Although it takes its name from the most introspective of composers, a whiff of politics has always hung over the Gustav Mahler Youth Orchestra. Founded in Vienna by Claudio Abbado in 1986, its initial aim was to bridge east/west divides by bringing young Austrian players together with musicians from Czechoslovakia and Hungary. Fifteen years on, it's become "the youth orchestra for the whole of Europe", drawing its performers, most of them in their early 20s, from colleges across the continent. It has also become a formidable ensemble. The UK leg of their Easter tour brought them to the Barbican as part of the Great Orchestras of the World series. There's no doubt that they belong there.

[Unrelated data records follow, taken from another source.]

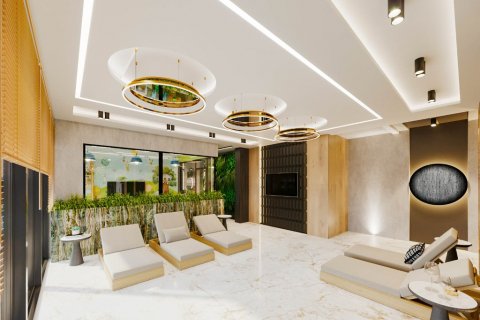 1+1 Lägenhet  i Alanya, Antalya, Turkiet Nr. 179554 - 24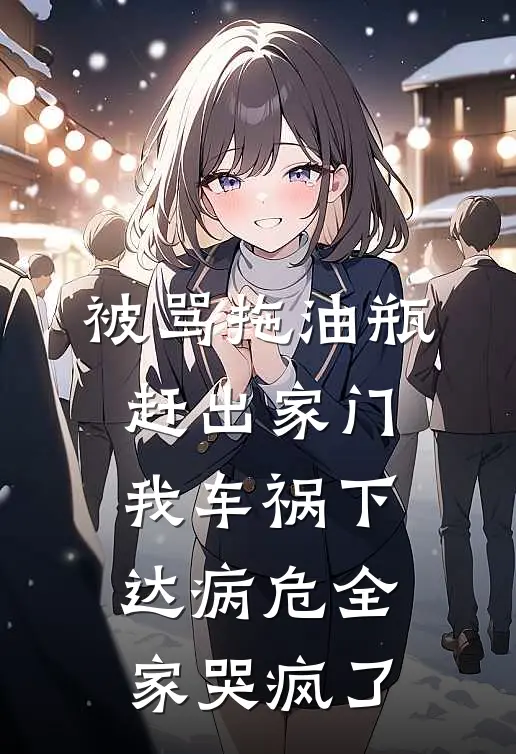 被骂拖油瓶赶出家门,我车祸下达病危全家哭疯了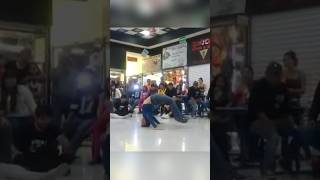 Bboy Predicador vs Bboy Chapear 1 [upl. by Eveneg]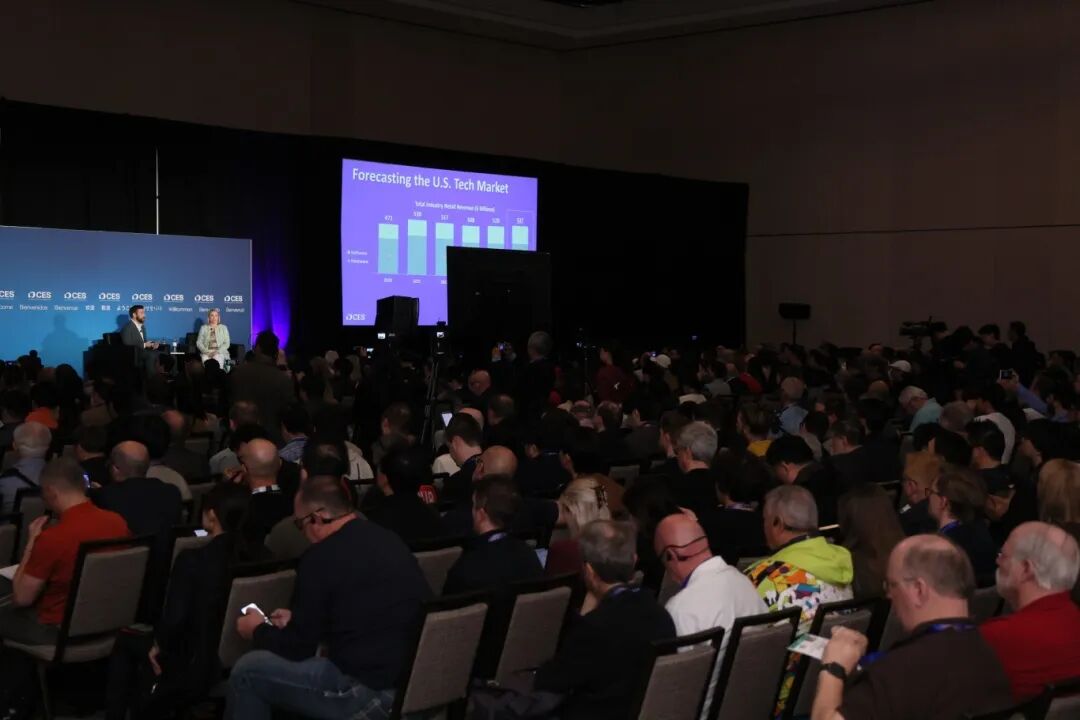 锦贯展讯 | 2026年美国国际消费电子展（CES）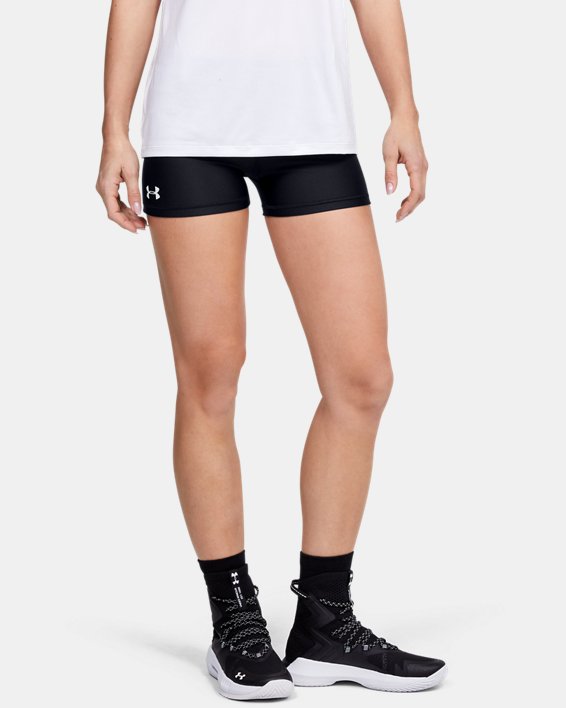 Women's UA Team Shorty Shorts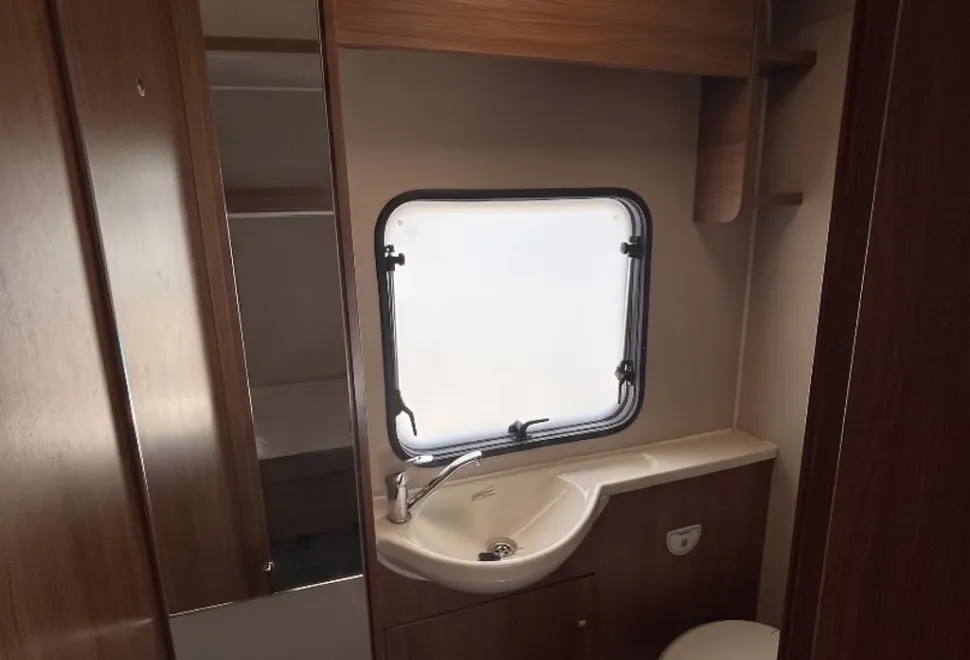 Auto-Trail Tribute 726 2018
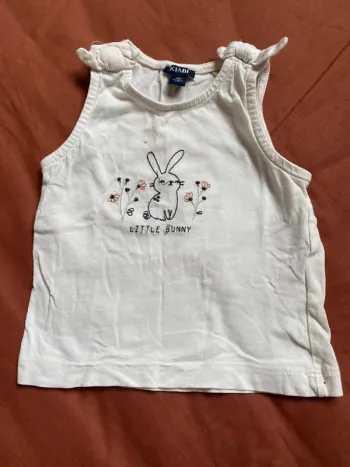T-shirt manches courtes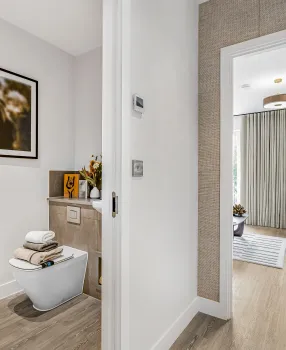 Canalside Quarter, Plot 93 WC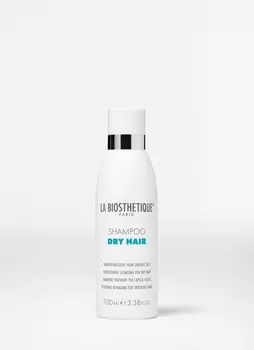 La Biosthetique Мягко очищающий шампунь для сухих волос 100 мл (La Biosthetique, Dry Hair)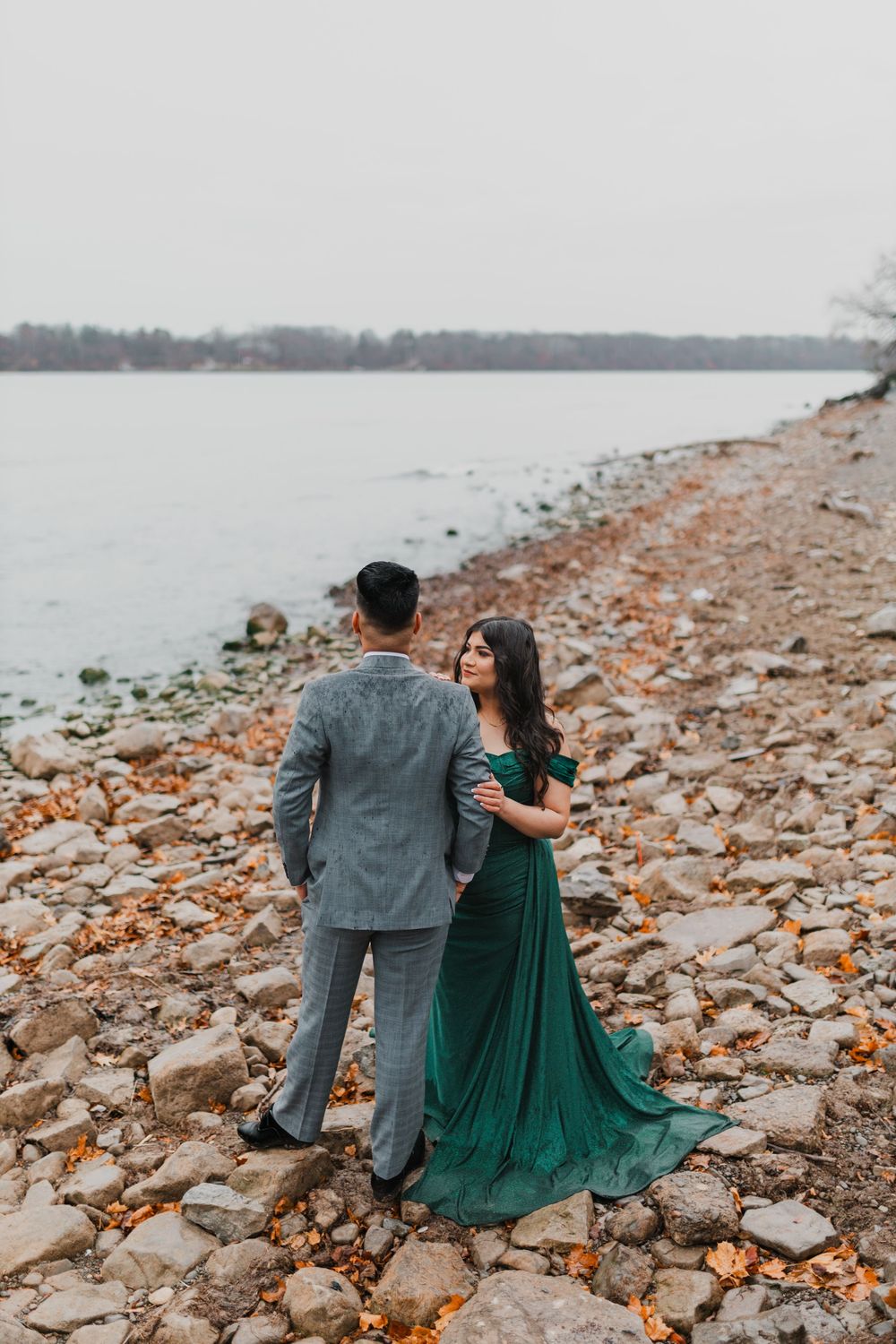 Best Pre Wedding Locations in GTA near Toronto. Luxury Pre-wedding Photoshoot and Couple Cinematic Musical Video in Hamilton, Toronto, GTA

Given that the galvanic Mariss Jansons was at the helm, an exciting evening was inevitable. He chose Ravel's orchestration of Mussorgsky's Pictures at an Exhibition as the closing work, turning in a radical re-evaluation of the piece. It is usually treated as an exercise in orchestral flamboyance. Jansons, aware of the tensions and contradictions within it, probes it more deeply than most.
Mussorgsky, it should be remembered, was a depressive and an alcoholic. Despite the self-confident opening and the upbeat finale, Pictures is more nightmare than fantasy. It pre-empts surrealism, as images of horrific supernatural entities, corpses in catacombs and peculiar, anthropomorphic creatures thread their way through it. Much of the music is savage. Mussorgsky wrote the work for solo piano in 1874. Ravel's orchestration dates, however, from 1922, when humanity's violence had become all too apparent and surrealism was a dominant art form. Jansons consequently unleashes a study of orchestral weirdness, of textures at once brilliant and slippery that have the glutinous brightness of one of Salvador Dali's paintings. He leaves you in little doubt that this is actually one composer's interpretation of another's music, separated from the original by time and history. Jazz was also very much around when Ravel worked on his orchestration - and Jansons gives both the trumpet's opening Promenade and the saxophone solo that dominates The Old Castle a languorous, bluesy poise. In short, this was powerhouse stuff and, a couple of fluffs apart, it was phenomenally played.
Jansons preceded this stunner with an ebullient, well-judged performance of Weber's Euryanthe overture and the Schumann Piano Concerto. Radu Lupu was the soloist, by turns restrained, fluidly rhapsodic and elegant. The most undemonstrative of artists, he sits at the piano radiating extraordinary calm. To hear him is always both a privilege and a reminder that great piano playing need not mean self-dramatisation.